Man walks into Kentish Town police station and asks to be arrested for thinking 9/11 attacks were a ‘lie'

Thursday, 9th October 2014

911-web

A PLAYWRIGHT handed himself in to the police on Friday after the Prime Minister suggested in his United Nations speech that people “peddling lies” about 9/11 were to blame for young Muslims leaving this country to fight for the Islamic State.

Peter Neathey said he was “deeply shocked and disturbed” by David Cameron's speech before marching into Kentish Town Police Station in Holmes Road with a DVD about the mysterious “Building 7 collapse” and a hand-written statement.

Mr Neathey, who has lived in Kentish Town for 35 years, had recently put on a play about the  World Trade Centre attacks at the Etcetera Theatre in Camden Town. Former MI5 spy David Shayler was among the performers.

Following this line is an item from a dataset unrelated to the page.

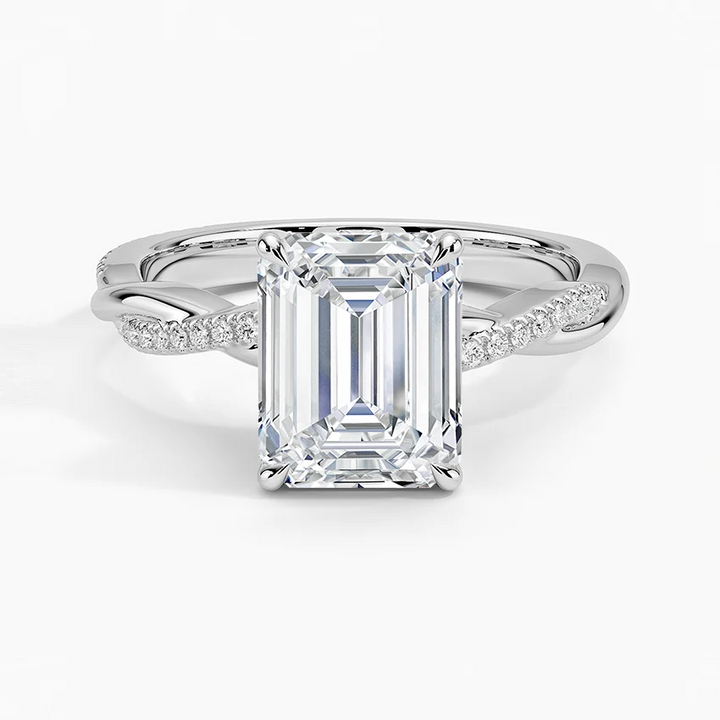 3 carat emerald center stone igi certified E VS engagement ring handcrafted in 14k gold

Mr Neathey said: “Hundreds of people from the local community have so far come to see my play. It has been universally well received as a catalyst for intelligent thought, discussion and debate. No one has expressed concern that it might be a recruiting tool for violent extremism.”

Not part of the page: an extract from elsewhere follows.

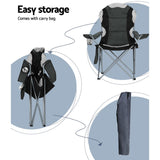 NNEDSZ Camping Folding Chair Portable Outdoor Hiking Fishing Picnic Grey 2pcs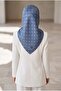 100% twill silk monogram patterned indigo colored 90x90 scarf sewing method: hand stitching - 7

He added: “After extensive research, I became convinced that the official 9/11 narrative was in fact the 'lie'.”

After a 20 minute discussion, police said they would not arrest Mr Neathey as he had not committed a crime. 

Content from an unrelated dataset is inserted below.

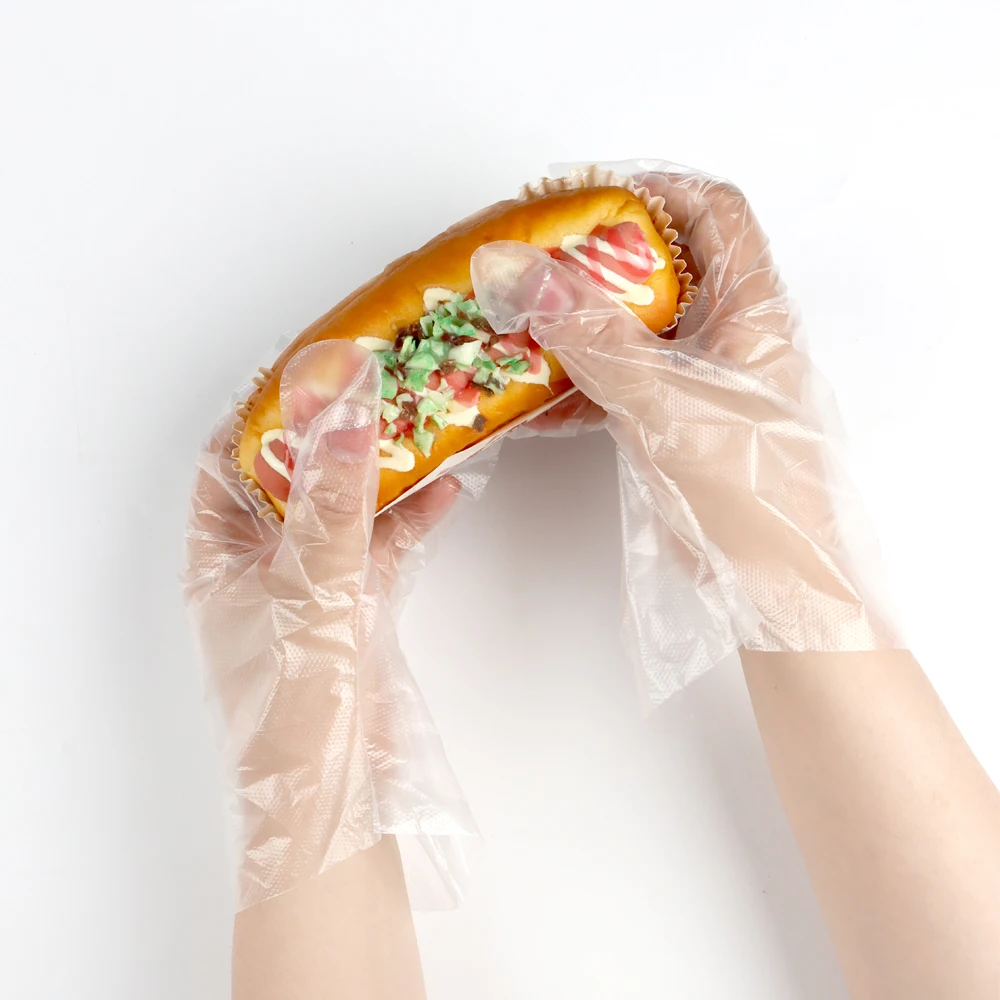 Cheap Multipurpose Disposable Clear Kraft Paper Individually WrappedTransparent HDPE Kitchen Food Grade Plastic PE Gloves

In his speech to the UN in September, Mr Cameron said: “As evidence emerges about the backgrounds of those convicted of terrorist offences it is clear that many of them were initially influenced by preachers who claimed not to encourage violence, but whose world-view can be used as a justification for it: the peddling of lies: that 9/11 was a Jewish plot and the 7/7 London attacks were staged; the idea that Muslims are persecuted all over the world as a deliberate act of Western policy; the concept of an inevitable clash of civilisations.”

Seven Seconds explores the concept of “Cognitive Dissonance” or the mental stress in people unable to reconcile contradictory beliefs.